# Ciabatta Bread



## Anne (Sep 25, 2006)

*CIABATTA BREAD*​ 
*This recipe comes from an Italian woman living in Switzerland. She is famous in her area for her baking, especially for her breads. The secret to this bread's success is to let it rise to triple its size on the first rise. Be sure to make the sponge the night before you want to make the bread.*​ 
*Makes 4 loaves*​ 
*INGREDIENTS:*
*Sponge:*
*1 tsp. dry yeast*
*1 cup (250ml) warm water*
*1 1/2 cups (350g) sifted flour*

*DOUGH:*
*1 1/2 teaspoons dry yeast*
*5 tablespoons warm milk*
*1 tablespoon olive oil*
*1 cup (250ml) warm water*
*3 cups (600g) flour*
*2-3 teaspoons salt*
*(2-3 tablespoons more warm water, if needed)*

*1. SPONGE: In the bowl of a mixer, add the yeast to the water; allow to stand for 3-4 minutes, stirring gently. Sift the flour and add to the yeast. Combine ingredients well, cover and let stand at room temperature for 12 hours. *
*2. DOUGH: Add the yeast to the milk, stir and let it stand 3-4 minutes to be sure the yeast is working.*
*3. Add the yeast mixture, water and oil to the sponge and mix with a dough hook.*
*4. Add 2 cups of flour and the salt, and knead for 2 minutes at low speed, 3 minutes at medium speed, adding the remaining flour slowly, or more water, until the dough begins to pull from the sides of the bowl.*

*NOTE: The dough should be quite soft, firm enough to handle without sticking to the hands, but still very soft. Add the last of the flour slowly, or add water, if necessary.*

*5. Place in a large, oiled bowl covered with a damp tea towel, and let rise in a warm place for about 1 hour until tripled in size and bubbly.*
*6. Place the dough on a floured surface, and divide into four pieces, but do not punch down. Form into rectangles 10" by 4" (25 X 10 cm) in size, and press down lightly with the fingers. Cover the dough, and let rise for 90 minutes. The dough will rise only slightly.*


*NOTE: The flour on the surface where the bread makes its final rise is what remains on the top of the loaf after baking. With practice, you can adjust the amount to get a pleasing appearance. You can also form into rolls. *

*Heat oven to 400F (200C).*


*7. Heat two baking sheets in the oven for about 15 minutes. Pick up the loaves, turn them over, and lay them upside-down on the cookie sheets, being careful not to press out the air. Bake the bread for 25-30 minutes until bread just begins to turn golden. During the first 10 minutes of baking, paint or spray the bread with water 3 times. *


----------



## licia (Sep 25, 2006)

Anne, I have tried forever to find a recipe for this. Thanks so much.


----------



## Dina (Sep 25, 2006)

Ooh, thanks Anne.  My family loves this bread.  I will try it sometime.  It's about $3 a loaf at our grocer.


----------



## Katie H (Sep 25, 2006)

licia said:
			
		

> Anne, I have tried forever to find a recipe for this. Thanks so much.


 
Thanks, Anne.  I'm with Licia.  I, too, have been looking for a recipe for this.  I'm definitely going to make some this week.


----------



## Anne (Sep 25, 2006)

*You ladies are making me happy. When I posted this bread recipe last night, I thought probably no one would want it, but I went ahead and posted it anyway. It's a little bit of work to make this recipe, so I hope the bread doesn't disappoint you. I like it very much, but everyone has different tastes. Thanks for leaving your comments.  *


----------



## ChefJune (Sep 25, 2006)

Thanks, Anne! I think you'll find "takers" for every recipe you'll ever post here... maybe not the first few seconds, but eventually!
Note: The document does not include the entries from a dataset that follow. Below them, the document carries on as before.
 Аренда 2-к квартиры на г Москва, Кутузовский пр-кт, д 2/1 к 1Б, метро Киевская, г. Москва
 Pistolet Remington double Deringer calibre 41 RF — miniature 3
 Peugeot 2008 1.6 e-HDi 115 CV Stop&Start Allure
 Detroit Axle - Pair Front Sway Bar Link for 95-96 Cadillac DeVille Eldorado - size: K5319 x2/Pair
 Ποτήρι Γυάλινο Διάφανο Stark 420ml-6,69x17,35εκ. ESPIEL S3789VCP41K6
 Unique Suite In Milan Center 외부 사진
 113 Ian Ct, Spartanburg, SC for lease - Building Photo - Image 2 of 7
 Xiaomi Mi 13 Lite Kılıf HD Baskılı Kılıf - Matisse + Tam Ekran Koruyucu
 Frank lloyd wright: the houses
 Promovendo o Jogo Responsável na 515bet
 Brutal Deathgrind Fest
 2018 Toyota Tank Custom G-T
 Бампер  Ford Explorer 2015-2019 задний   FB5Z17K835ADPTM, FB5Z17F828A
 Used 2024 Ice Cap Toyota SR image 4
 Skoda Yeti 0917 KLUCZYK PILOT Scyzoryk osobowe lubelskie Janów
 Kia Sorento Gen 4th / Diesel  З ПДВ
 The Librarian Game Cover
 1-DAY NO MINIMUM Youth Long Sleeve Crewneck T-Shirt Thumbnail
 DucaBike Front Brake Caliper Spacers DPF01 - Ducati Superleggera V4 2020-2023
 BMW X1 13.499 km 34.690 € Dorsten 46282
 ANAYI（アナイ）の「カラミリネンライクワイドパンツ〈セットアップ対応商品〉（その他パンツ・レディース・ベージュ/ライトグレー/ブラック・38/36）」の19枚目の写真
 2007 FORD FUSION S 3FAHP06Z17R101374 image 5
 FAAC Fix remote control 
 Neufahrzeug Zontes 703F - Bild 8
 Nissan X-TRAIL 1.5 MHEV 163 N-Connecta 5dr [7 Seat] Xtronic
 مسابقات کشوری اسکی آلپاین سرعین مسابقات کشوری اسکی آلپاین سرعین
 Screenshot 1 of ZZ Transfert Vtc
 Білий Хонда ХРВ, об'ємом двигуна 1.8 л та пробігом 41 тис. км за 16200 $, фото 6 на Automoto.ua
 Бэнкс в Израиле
Good bread does take TIME to produce, but most of that time does not require your presence. I find especially the Italian Country loaves take lots of patience, but the reward is always well worth it!

"The Italian Baker," by Carol Field is a book anyone who loves Italian baked goods -- breads included -- will enjoy! Check it out!


----------



## shpj4 (Sep 25, 2006)

*Anne*

Your Ciabatta Bread receipe sounds great and I know our great cooks and chefs will certainly enjoy it.

Have a wonderful day.

Jill and Jolie


----------



## carolelaine (Sep 25, 2006)

Thank you very much Anne.  I also looked for a recipe for this, 'cause I love to make sandwiches with it.  I am printing it right now.


----------



## Anne (Sep 26, 2006)

*ChefJune, thanks for telling me about the cookbook.  I have one problem with it -- space!  I have so many cookbooks that I'm looking for a bookcase for my kitchen, and I have so many bread cookbooks that I'll never make all that bread if I live to be 100!     I laugh about it, but space really is an issue right now.*
** 
*Bake away, ladies, and let me know how you like this ciabatta.  If you are ever looking for a certain bread, let me know; I might have a recipe for it.  I'm far from being an authority on baking bead, but I'd be happy to look for a recipe for you.*


----------



## ChefJune (Sep 26, 2006)

Anne, no such thing as too many cookbooks!   I long ago outgrew being able to keep em all in the kitchen.  Only the most used 6 or 7 live there...  the rest comprise a whole wall in my office/dining room!  and yes, LOTS of bread books!


----------



## Anne (Sep 26, 2006)

*Well, it's comforting to know I have company!      There are so many recipes I plan on making, but heaven only knows whether I will!   *


----------



## carolelaine (Sep 28, 2006)

Anne, I made your bread yesterday and it was great.  Thank you so much for sharing.


----------



## baking fool (Sep 29, 2006)

Anne said:
			
		

> *Sponge:**1 tsp. dry yeast*
> **
> 
> *DOUGH:*
> *1 1/2 teaspoons dry yeast*


 

is that active dry yeast or instant yeast?


----------



## Anne (Sep 29, 2006)

*You could use either one, Bakingfool. I usually use a packet of Fleishman's.*
** 
*Carolelaine, I'm glad you liked it.  *


----------



## ncage1974 (Oct 15, 2006)

*artesian?*

Does this bread turn out like true ciabatta that you buy in the store. With big air pockets on the interior of the bread? This is one of the things i could never acomplish with bread. My bread is very good but i can not get my bread to turn out like true artesan bread where you have a pourous interior where big air pockets have formed.

ncage


----------



## VeraBlue (Oct 15, 2006)

ncage1974 said:
			
		

> Does this bread turn out like true ciabatta that you buy in the store. With big air pockets on the interior of the bread? This is one of the things i could never acomplish with bread. My bread is very good but i can not get my bread to turn out like true artesan bread where you have a pourous interior where big air pockets have formed.
> 
> ncage



Judging from the sponge and then the dough, I have a feeling this will be what you are looking for.


----------